With much of their existing facilities no longer in use and soon to become outdated, the board began looking to modernize the foundation’s headquarters. For that purpose, they executed a land swap that gave the old WARF headquarters to the Forest Products Laboratory, while WARF acquired the lot on the corner of Walnut Street and Observatory Drive. The foundation’s new property became home to a 14-story, triangular skyscraper.

For the first 30 years of the new WARF building’s existence, the university rented out the bottom floors for surge space, meaning departments and programs could relocate there on a temporary basis while transitioning to new locations. Foundation staff occupied the conference rooms and offices on the top floors.

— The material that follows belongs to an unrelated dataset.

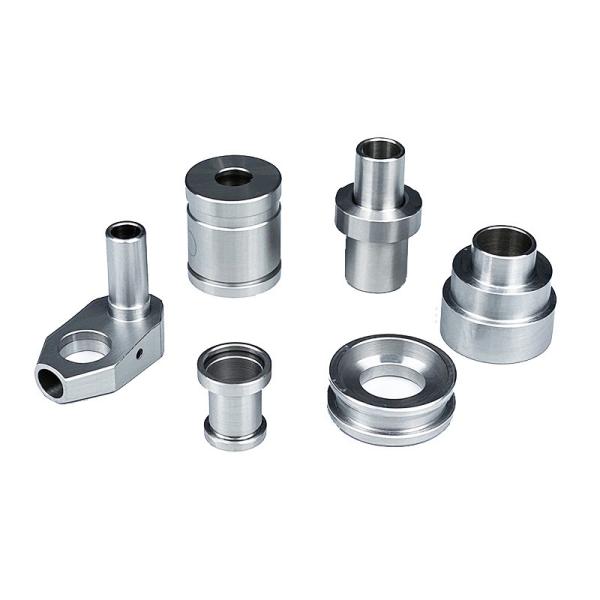 Precision Custom Stainless Steel Turning Services , Steel Iron CNC Turning Machining Parts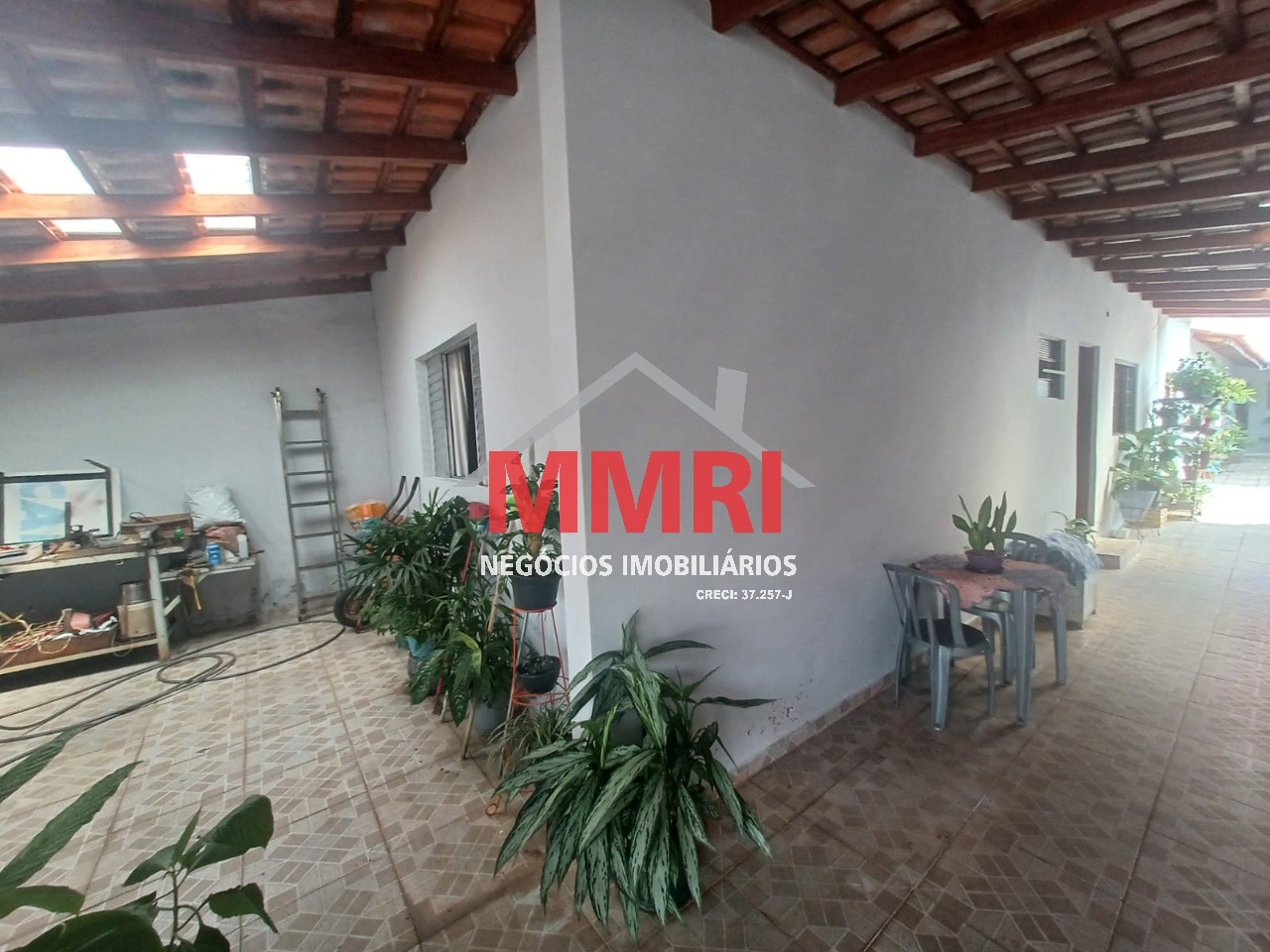 Casa, 4 quartos - Foto 1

The surge space leases marked the peak of WARF’s real estate holdings. At the end of the original contract in 2001, the foundation donated its new building to the university, on the condition that the foundation could occupy the top floors in perpetuity. Shortly thereafter, WARF sold the last of its land in the Dells to the Wisconsin Department of Natural Resources.

With no land of its own, WARF once again became a tenant of the university, but the foundation’s exit from property ownership would only last a few years. In 2004, WARF trustee John Morgridge and his wife, Tashia, approached Managing Director Carl Gulbrandsen with a proposal to form a nonprofit research institute attached to the UW-Madison campus. They hoped to bring to Madison, Wis., the same groundbreaking level of interdisciplinary research that the Bio-X Program, located in the Clark Center at Stanford, had brought to Palo Alto, Calif.9

That same year, Governor Jim Doyle, looking to keep Wisconsin competitive in a high tech economy, announced a major initiative to fund a university biotechnology center.10 After a period of public debate and project development, the Morgridges persuaded the Governor to bring their two projects together under one roof. In their view, the breadth of a public university combined with the streamlined organization of a private institute would, as the Morgridge Institute describes it today, “leverag[e] our collective strengths in research and education.”11

By the time the Discovery Building opened in 2010, the brick and mortar relationship between WARF and UW-Madison had come full circle – from sharing offices in Bascom Hall to joint ownership of an experimental public-private space. In 2015, an estimated 100,000 people from campus and the community will visit the Discovery Building to take part in scientific and educational programs. They become just the latest participants in an historic, nine decade partnership set to continue well into the future.